I've been
down in Kent and put my arm out."
"Put your arm out, have you?" said Ratler, observing the sling for
the first time. "I'm sorry for that. But you'll stop and vote?"
"Yes;--I'll stop and vote. I've come up for the purpose. But I hope
it won't be very late."
"There are both Daubeny and Gresham to speak yet, and at least three
others. I don't suppose it will be much before three. But you're
all right now. You can go down and smoke if you like!" In this way
Phineas Finn spoke in the debate, and heard the end of it, voting for
his party, and fought his duel with Lord Chiltern in the middle of
it.
He did go and sit on a well-cushioned bench in the smoking-room, and
then was interrogated by many of his friends as to his mysterious
absence.
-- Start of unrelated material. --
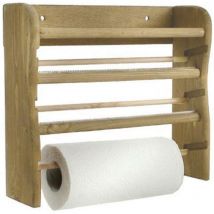 Porta Rotoli Da Cucina a Parete In Legno 3 Posti 33x9x29cm Con Rotolo Incluso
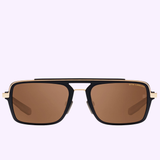 Front view of the Dita Sunglasses LSA-404 DLS404-56-01RO by Dita Sunglasses, featuring a stylish rectangular shape with black frames, gold accents, and brown tinted polarized lenses that highlight exceptional Japanese craftsmanship, displayed on a light lavender background.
He had, he said, been down in Kent, and had had an accident
with his arm, by which he had been confined. When this questioner and
that perceived that there was some little mystery in the matter, the
questioners did not push their questions, but simply entertained
their own surmises. One indiscreet questioner, however, did trouble
Phineas sorely, declaring that there must have been some affair in
which a woman had had a part, and asking after the young lady of
Kent. This indiscreet questioner was Laurence Fitzgibbon, who, as
Phineas thought, carried his spirit of intrigue a little too far.